Ma è sul conto della Brexit, valutato tra i 60 e i 100 miliardi, che le posizioni sono ancora lontanissime. "Dobbiamo lavorare sulla traduzione precisa degli impegni presi a Firenze dal primo ministro Theresa May a Firenze", ha spiegato Barnier. Davis si è nuovamente rifiutato di mostrare le carte, limitandosi a ripetere la formula vaga usata da May nel suo discorso di Firenze in settembre: "i nostri partner europei non dovranno pagare di piu' o ricevere di meno su cio' che resta dell'attuale piano di bilancio come risultato della nostra decisione di uscire" dall'Ue.


La situazione politica interna nel Regno Unito non aiuta i negoziati. "C'e' un problema di mancanza di leadership politica a Londra", spiega una fonte europea di alto livello. Theresa May e' "troppo debole per fare le concessioni che sono necessarie", secondo la fonte. Dopo il mancato successo alle elezioni di giugno, il premier britannico è indebolito anche dalla serie di scandali che hanno costretto alcuni suoi ministri alle dimissioni. Il suo governo e' ancora diviso sul tipo di Brexit da perseguire. A Bruxelles c'è chi parla di una possibile "sorpresa", come le dimissioni di May, nuove elezioni, un rinvio della data di uscita o un cambio di rotta sulla Brexit. Barnier ha detto di seguire "attentamente" l'evoluzione politica, ma "negoziamo con il governo del Regno Unito" in carica che "ci conferma di voler uscire dall'Unione europea, dal mercato interno e dall'unione doganale". Alcuni diplomatici europei sperano che l'ultimatum di Barnier sul conto della Brexit costringa May e Davis a mettere tutte le carte sul tavolo. Ma il tempo continua a correre.

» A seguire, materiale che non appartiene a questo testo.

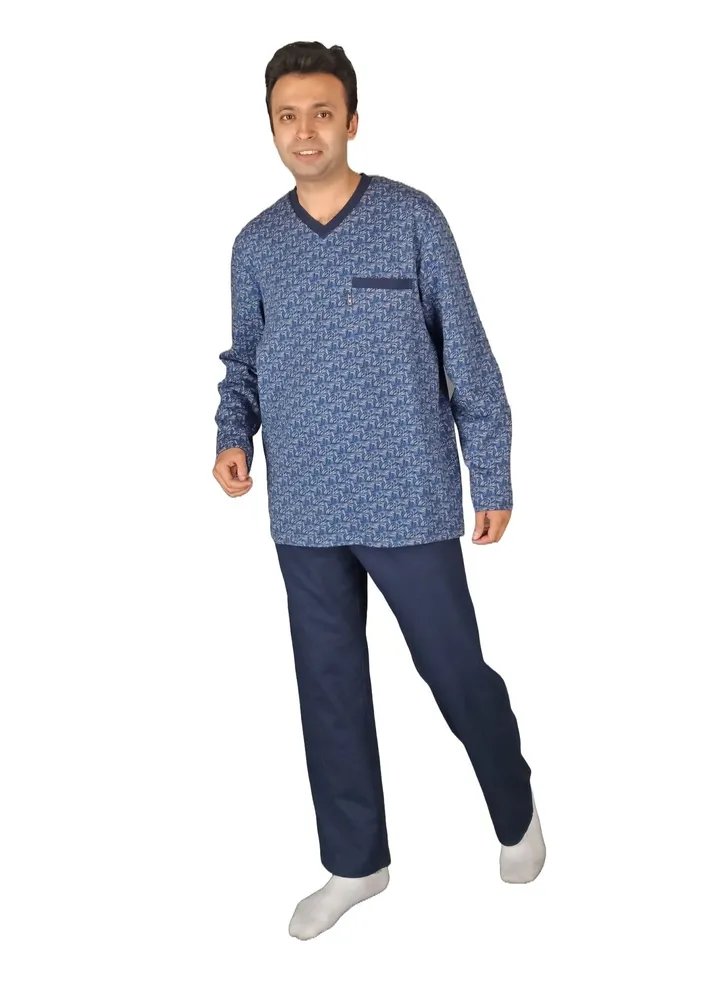 "Men Winter Pajama Set Long Sleeve & Long Pants -Navy Blue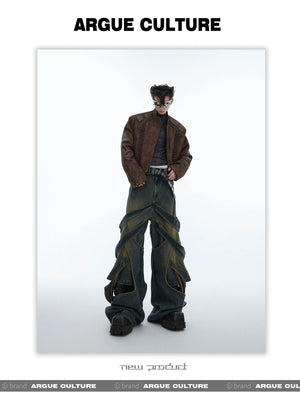 desc::deconstructed-distressed-wide-leg-denim-cargo-pants-detail-img-11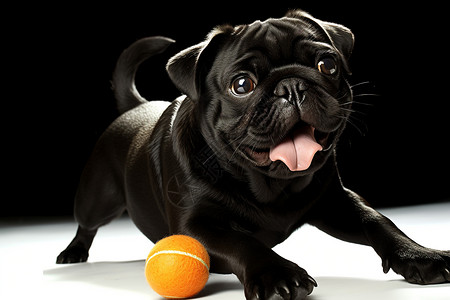 游戏宠物黑色狗狗和网球在玩耍背景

Sono passati 505 giorni dal referendum sulla Brexit e mancano 505 giorni al 29 marzo 2019, la data di uscita del Regno Unito. Calcolando i sei mesi necessari a ratificare l'accordo della Brexit, manca meno di un anno per trovare un compromesso sui termini del divorzio, il periodo transitorio e i contorni delle relazioni future. Secondo la fonte europea di alto livello, a questo punto "tutti gli scenari sono possibili". Compreso un mancato accordo sulla Brexit.